They were necessarily clan names.
The customs and usages governing the formation of clan
proper names demanded that they be derived from some part, habit, action
or peculiarity of the animal from which the clan was supposed to be
descended. Or they might be derived from some property, law, or
peculiarity of the element in which such animal lived. Thus a proper name
was always a distinctive badge of the clan bestowing it.
When death left unused any original clan proper name,
the next child born into the clan, if of the sex to which the vacant name
belonged, had such vacated name bestowed upon it. If no child was born,
and a stranger was adopted, this name was given to such adopted person.

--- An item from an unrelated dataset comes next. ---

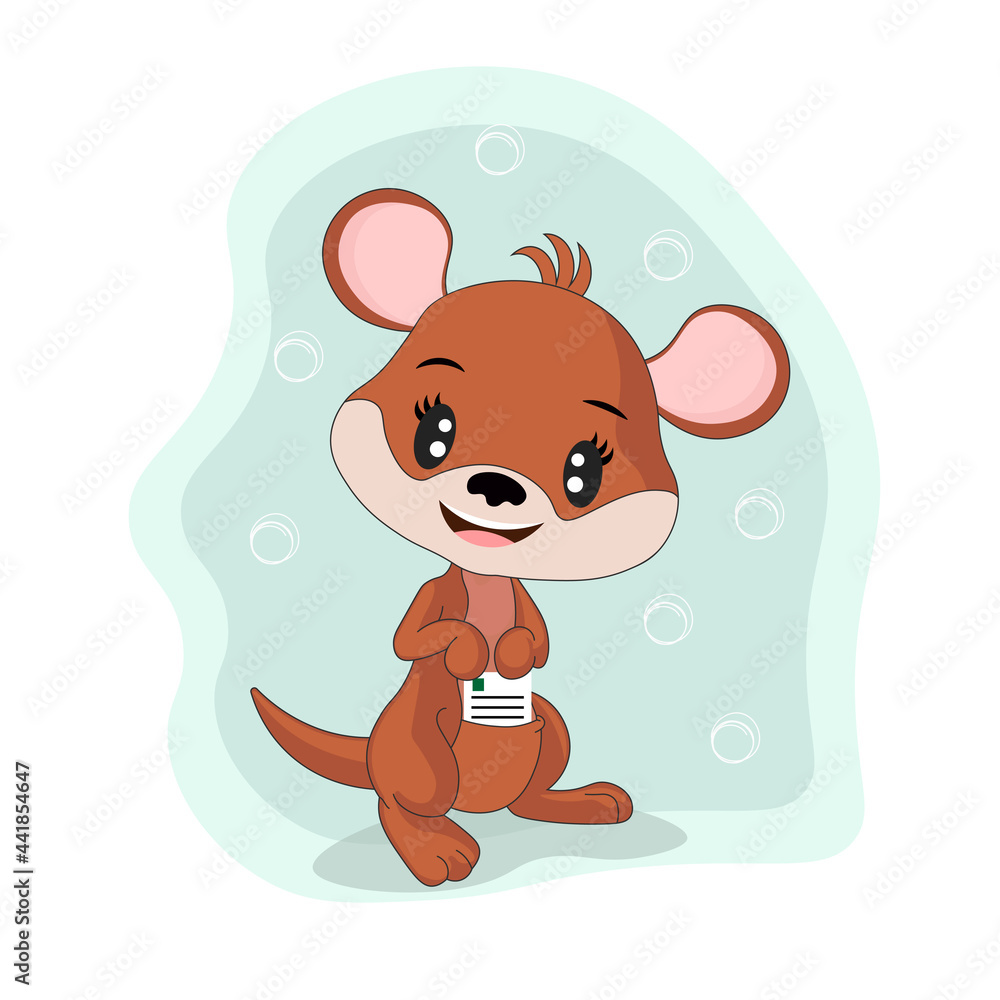 Cartoon kangaroo with documents in a bag. Kangaroo mail delivery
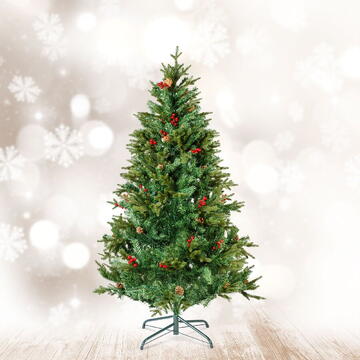 GLOBIZ Brad artificial – 180 cm – PE/PVC – cu bobițe roșii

This was the unchangeable law, and there was but one proviso or exception
to it. When a child was born under some extraordinary circumstances, or
peculiarity, or with some distinguishing mark, or a stranger adopted with
these, the council-women of the clan informed themselves of all the facts
and devised a name in which all these facts were imbedded. This name was
made to conform to the ancient law governing clan proper names if
possible, but often this could not be done. These special names died with
their owners, and were never perpetuated.
The parents were not permitted to name the child; the
clan bestowed the name. Names were given but once a year, and always at
the ancient anniversary of the Green Corn Feast.
Anciently, formal adoptions could be made at no other time. The name was
bestowed by the clan chief. He was a civil officer of both his clan and
the tribe. At an appointed time in the ceremonies of the Green Corn Feast each clan chief
took an assigned position, which in ancient times was the Order of
Precedence and Encampment, and parents having children to be named filed
before him in, the order of the ages of the children to be named. The
council-women stood by the clan chief, and announced to him the name of
each child presented, for all clan proper names were made by the
council-women. This he could do by simply announcing the name to the
parents, or by taking the child in his arms and addressing it by the name
selected for it.
The adoption of a stranger was
into some family by consent, or at the instance of the principal woman of
the family. It was not necessary that the adoption be made at the Green
Corn Feast. The adoption was not considered complete, however, until it
was ratified by the clan chief at the Green Corn Feast. This ratification
might be accomplished in the simple ceremonial of being presented at this
time to the clan chief by one of the Sheriffs. His clan name was bestowed
upon him, and he was welcomed in a few well-chosen words, and the ceremony
was complete. Or the adoption might be performed with as much display,
ceremony and pomp as the tribal council might, from any cause, decree. The
tribal council controlled in some degree the matter of adoptions. In
ancient times, when many prisoners of war were brought in it determined
how many should be tortured and how many adopted.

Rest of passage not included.